WHAT YOU SHOULD DO. Could you repeat the whole listing below exactly, omitting any picture it holds?

SUPPLIED MATERIAL.
↓↓↓

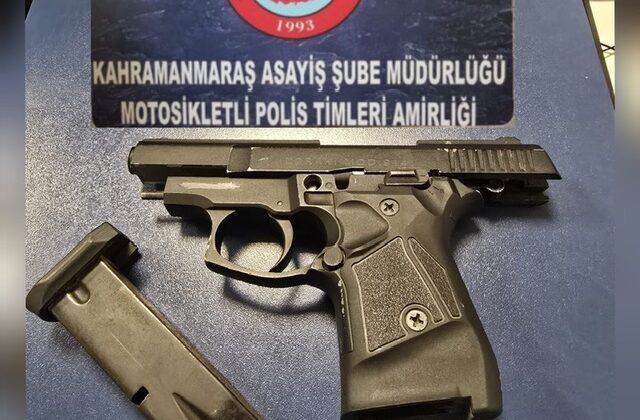 Kahramanmaraş’ta Geniş Çaplı Operasyon: 108 Şahıs Yakalandı, 68 Kişi Tutuklandı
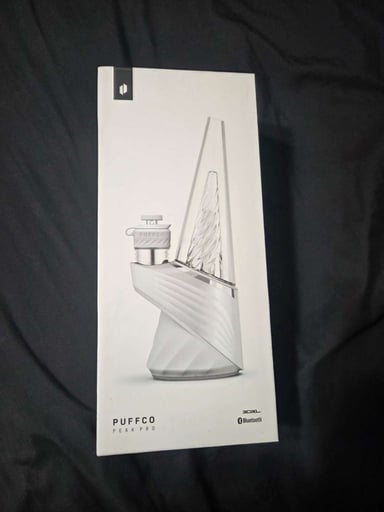 Preview pic of Brand New Unopened Puffco Peak Pro 3DXL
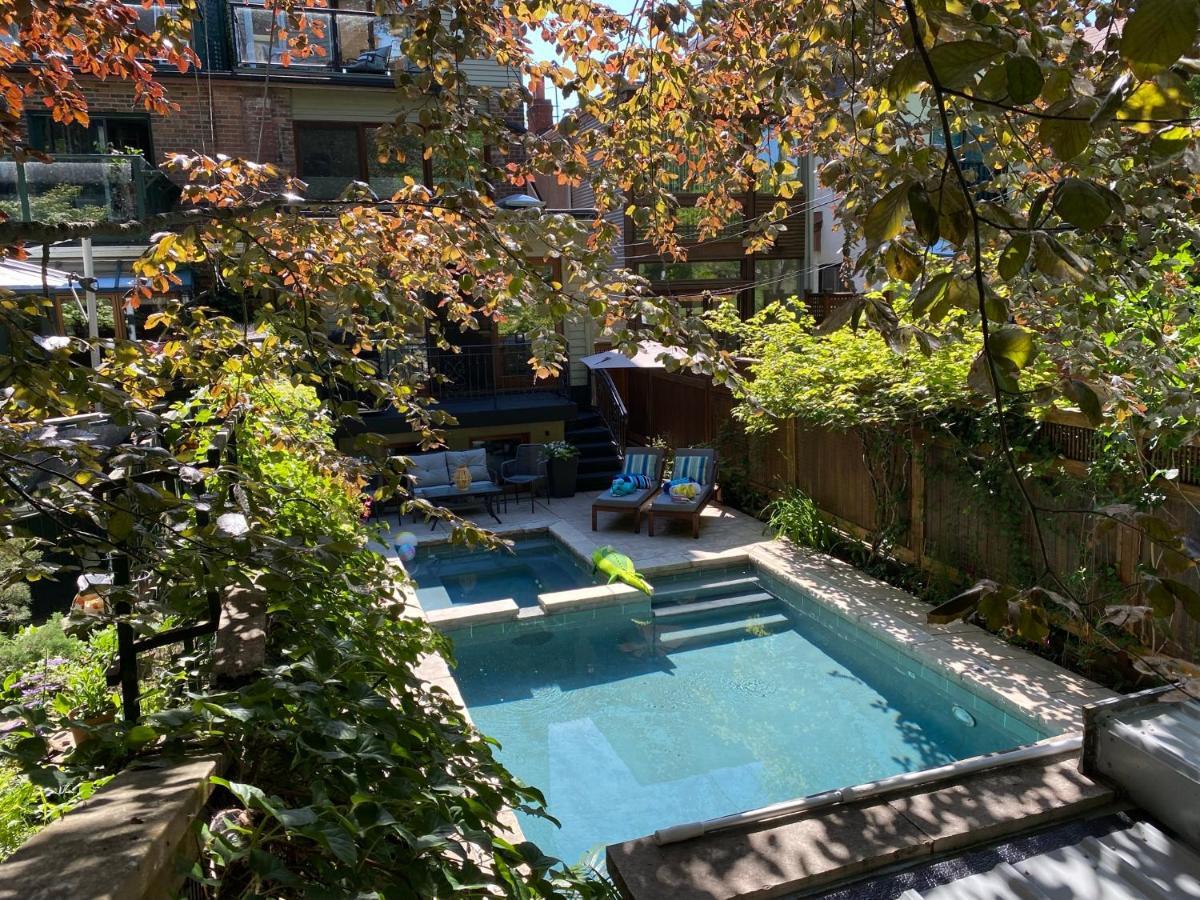 Superb Beach Home:Heated Pool-Hot Tub Open 365Days Toronto Exterior photo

↑↑↑

EXERCISE RESULT.
 Kahramanmaraş’ta Geniş Çaplı Operasyon: 108 Şahıs Yakalandı, 68 Kişi Tutuklandı
 Preview pic of Brand New Unopened Puffco Peak Pro 3DXL
 Superb Beach Home:Heated Pool-Hot Tub Open 365Days Toronto Exterior photo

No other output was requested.